[PATCH 10/12] drm/amdgpu: add independent DMA-buf export v3

Mon May 6 15:10:46 UTC 2019

On Mon, May 06, 2019 at 10:05:07AM +0000, Koenig, Christian wrote:
> Am 06.05.19 um 10:04 schrieb Daniel Vetter:
> > [SNIP]
> >>>> + /* pin buffer into GTT */
> >>>> + return amdgpu_bo_pin(bo, AMDGPU_GEM_DOMAIN_GTT);
> >>> This is kinda what I mean with "shouldn't we pin the attachment" - afaiui
> >>> this can fail is someone already pinned the buffer into vram. And that
> >>> kind of checking is supposed to happen in the buffer attachment.
> >> Why is that supposed to happen on the attachment? I mean it could be nice to
> >> have for debugging, but I still don't see any practical reason for this.
> > dma_buf_attach is supposed to make sure the buffer won't land somewhere
> > where you can't get at it anymore. Wrt pin that means the exporter needs
> > to make sure it can't get pinned into a wrong place, and also isn't pinned
> > into a wrong place anymore. That's why I think pinning ties in with
> > dma_buf_attach and not the overall buffer.
> >
> > In a way there's two pieces of a pin:
> > - Do not move the buffer anymore.
> > - Make sure I can still get at it.
> >
> > Internally the 2nd part is encoded in the domain parameter you pass to
> > amdgpu_bo_pin. When going through dma-buf that information is derived
> > from the attachment (e.g. if it's a p2p one, then you can put it wherever
> > you feel like, if it's a normal one it must be in system ram). The dma-buf
> > alone doesn't tell you _where_ to pin something.
> 
> Ok, that finally makes some sense. So the attachment describes where the 
> buffer needs to be for the attaching device/use case to be able to 
> access it.
> 
> Going to change it to use an attachment instead.

btw one thing we've discussed, and much easier to implement on most socs
is telling apart the render vs display attachment. Most socs have
different devices for that, and different pin requirements. We could do
something similarly-ish on pci too, where you attach to some sub-device
representing scanout. Or maybe a flag on the attachment. Either way, that
would indicate an attachment where the pin indicates "must be in vram".
Might be useful for SLI rendered scanout (in case that ever happens).

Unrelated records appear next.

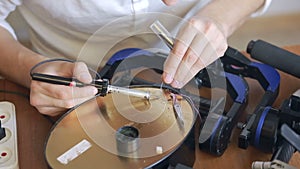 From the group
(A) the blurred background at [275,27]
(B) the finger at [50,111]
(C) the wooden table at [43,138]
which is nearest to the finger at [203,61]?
(C) the wooden table at [43,138]

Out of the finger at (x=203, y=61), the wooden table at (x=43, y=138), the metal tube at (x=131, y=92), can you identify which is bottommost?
the wooden table at (x=43, y=138)

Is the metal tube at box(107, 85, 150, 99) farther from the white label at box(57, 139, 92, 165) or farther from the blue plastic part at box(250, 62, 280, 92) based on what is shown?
the blue plastic part at box(250, 62, 280, 92)

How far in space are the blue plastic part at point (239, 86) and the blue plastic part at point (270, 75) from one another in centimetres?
4

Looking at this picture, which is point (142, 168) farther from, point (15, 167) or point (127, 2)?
point (127, 2)

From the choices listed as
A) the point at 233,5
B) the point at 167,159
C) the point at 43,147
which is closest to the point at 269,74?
the point at 233,5

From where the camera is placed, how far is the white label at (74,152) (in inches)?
26.0

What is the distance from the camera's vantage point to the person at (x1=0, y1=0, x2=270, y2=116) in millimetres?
744

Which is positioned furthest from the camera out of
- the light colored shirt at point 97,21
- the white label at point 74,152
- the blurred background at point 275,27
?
the blurred background at point 275,27

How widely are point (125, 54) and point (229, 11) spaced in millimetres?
208

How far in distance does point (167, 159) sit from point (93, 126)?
0.43 feet

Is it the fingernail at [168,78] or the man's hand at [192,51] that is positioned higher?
the man's hand at [192,51]

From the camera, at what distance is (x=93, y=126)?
0.70m

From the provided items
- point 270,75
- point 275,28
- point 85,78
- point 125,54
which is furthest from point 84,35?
point 275,28

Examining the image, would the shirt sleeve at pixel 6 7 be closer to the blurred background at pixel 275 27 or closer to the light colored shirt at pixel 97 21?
the light colored shirt at pixel 97 21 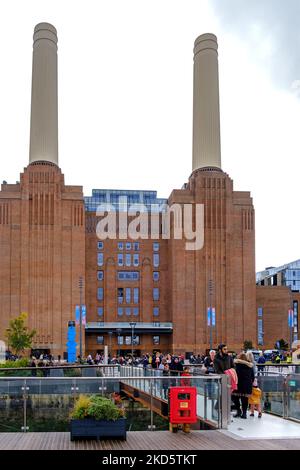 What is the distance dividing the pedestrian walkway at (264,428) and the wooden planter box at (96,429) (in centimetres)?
235

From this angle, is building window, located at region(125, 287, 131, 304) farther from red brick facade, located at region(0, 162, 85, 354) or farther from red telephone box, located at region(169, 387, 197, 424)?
red telephone box, located at region(169, 387, 197, 424)

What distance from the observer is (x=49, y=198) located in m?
94.4

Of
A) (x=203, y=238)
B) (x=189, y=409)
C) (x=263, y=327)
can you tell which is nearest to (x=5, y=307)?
(x=203, y=238)

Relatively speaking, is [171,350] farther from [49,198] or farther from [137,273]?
[49,198]

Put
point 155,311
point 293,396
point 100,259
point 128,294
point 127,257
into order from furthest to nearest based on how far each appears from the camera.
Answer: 1. point 127,257
2. point 128,294
3. point 100,259
4. point 155,311
5. point 293,396

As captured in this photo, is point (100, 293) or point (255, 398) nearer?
point (255, 398)

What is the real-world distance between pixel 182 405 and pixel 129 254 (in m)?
86.5

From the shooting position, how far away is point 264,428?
16172mm

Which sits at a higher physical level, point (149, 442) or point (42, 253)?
point (42, 253)

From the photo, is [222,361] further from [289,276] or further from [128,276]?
[289,276]

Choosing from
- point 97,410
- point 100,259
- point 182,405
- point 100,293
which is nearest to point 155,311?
point 100,293

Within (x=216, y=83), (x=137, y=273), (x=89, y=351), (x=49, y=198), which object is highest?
(x=216, y=83)

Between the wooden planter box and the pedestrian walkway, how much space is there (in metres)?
2.35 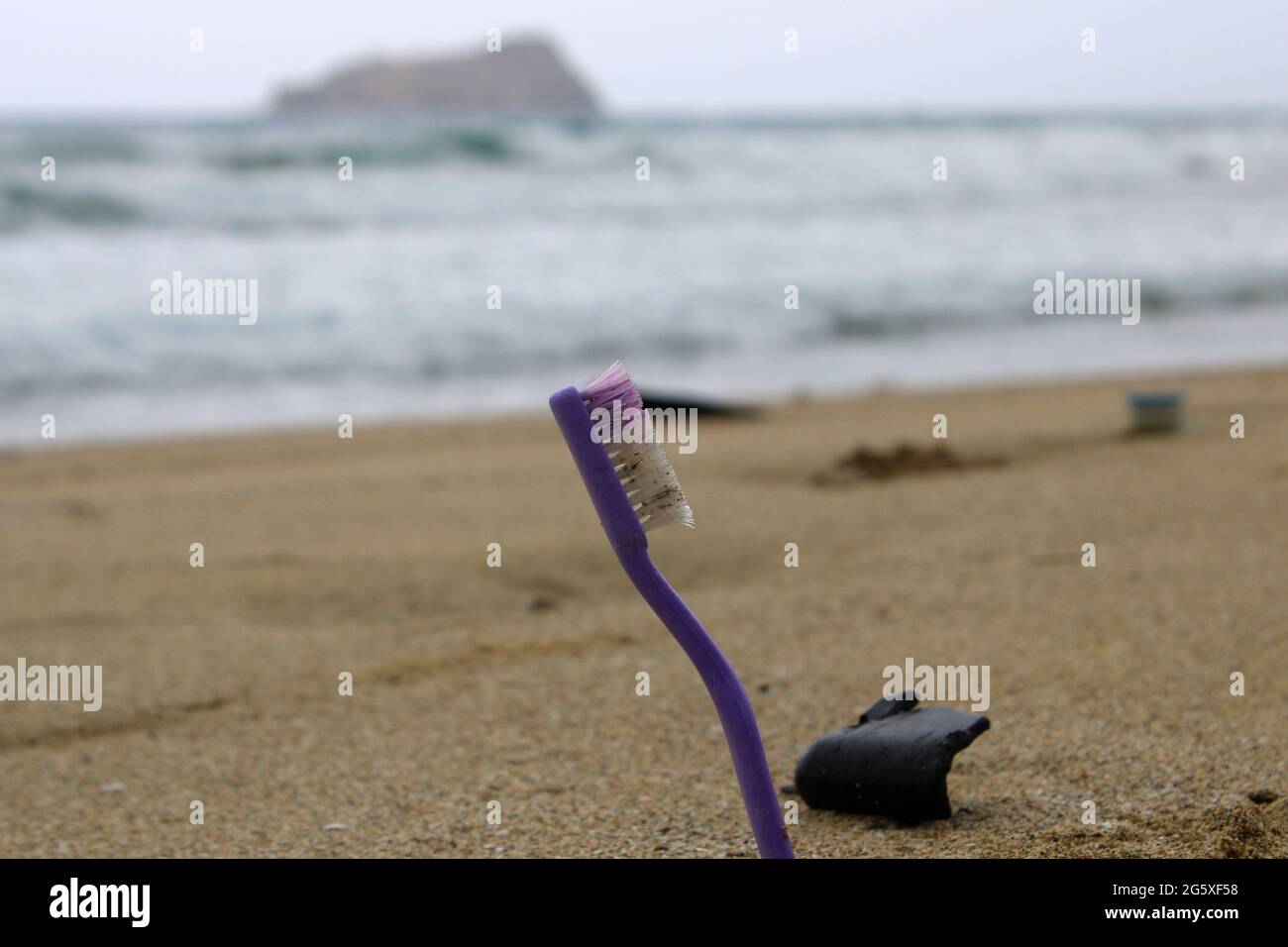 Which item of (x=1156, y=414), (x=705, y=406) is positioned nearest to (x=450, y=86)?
(x=705, y=406)

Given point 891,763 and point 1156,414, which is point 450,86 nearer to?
point 1156,414

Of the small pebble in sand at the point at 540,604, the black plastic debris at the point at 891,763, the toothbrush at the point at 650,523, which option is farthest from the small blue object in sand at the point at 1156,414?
the toothbrush at the point at 650,523

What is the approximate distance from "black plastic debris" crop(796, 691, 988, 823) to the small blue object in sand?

> >> Well completely amdgpu internal handling here. Key point is we have both
> >> preferred_domains as well as allowed_domains.
> >>
> >> During command submission we always try to move a BO to the
> >> preferred_domains again.
> >>
> >> Now what could happen if we don't have this check is the following:
> >>
> >> 1. BO is allocate in VRAM. And preferred_domains says only VRAM please, but
> >> allowed_domains says VRAM or GTT.
> >>
> >> 2. DMA-buf Importer comes along and moves the BO to GTT, which is perfectly
> >> valid because of the allowed_domains.
> >>
> >> 3. Command submission is made and moves the BO to VRAM again.
> >>
> >> 4. Importer comes along and moves the BO to GTT.
> >> ....
> >>
> >> E.g. a nice ping/pong situation which just eats up memory bandwidth.
> > Hm yeah the ping/pong is bad, but I figure you have to already handle that
> > (with some bias or whatever). Outright disabling invalidate/dynamic
> > dma-buf seems like overkill.
> >
> > What about upgradging preferred_domains to include GTT here? Defacto what
> > you do is forcing GTT, so just adding GTT as a possible domain seems like
> > the better choice. Bonus points for undoing that when the last importer
> > disappears.
> 
> Well that's exactly what we want to avoid here.
> 
> The preferred_domains is where userspace likes the buffer to be and 
> should never be changed by the kernel.
> 
> The allowed_domains is where the buffer should be based on the hardware 
> restrictions and is usually updated by the kernel driver.
> 
> > In general I think dynamic dma-buf needs to be able to handle this
> > somehow, or it won't really work. Simplest is probably to just stop moving
> > buffers around so much for buffers that are dynamically exported (so maybe
> > could also change that in the CS ioctl to not move exported buffers
> > anymore, would achieve the same).
> 
> Yeah, that's the obvious alternative. But I didn't wanted to add even 
> more complexity to the patch right now.
> 
> Cleaning this up is pure amdgpu internally, e.g. we need to make sure to 
> not move buffers around so much on command submission.

Ok if the comment is clear enough for you folks that's all fine. Maybe add
a FIXME about how this is a bit pessimistic and what could/should be done
instead.

I agree that it's probably not a use-case you really care about, since the
big piles of dynamic shared buffers will be p2p. Dynamic, but not p2p is a
bit an edge case really.
-Daniel
-- 
Daniel Vetter
Software Engineer, Intel Corporation
http://blog.ffwll.ch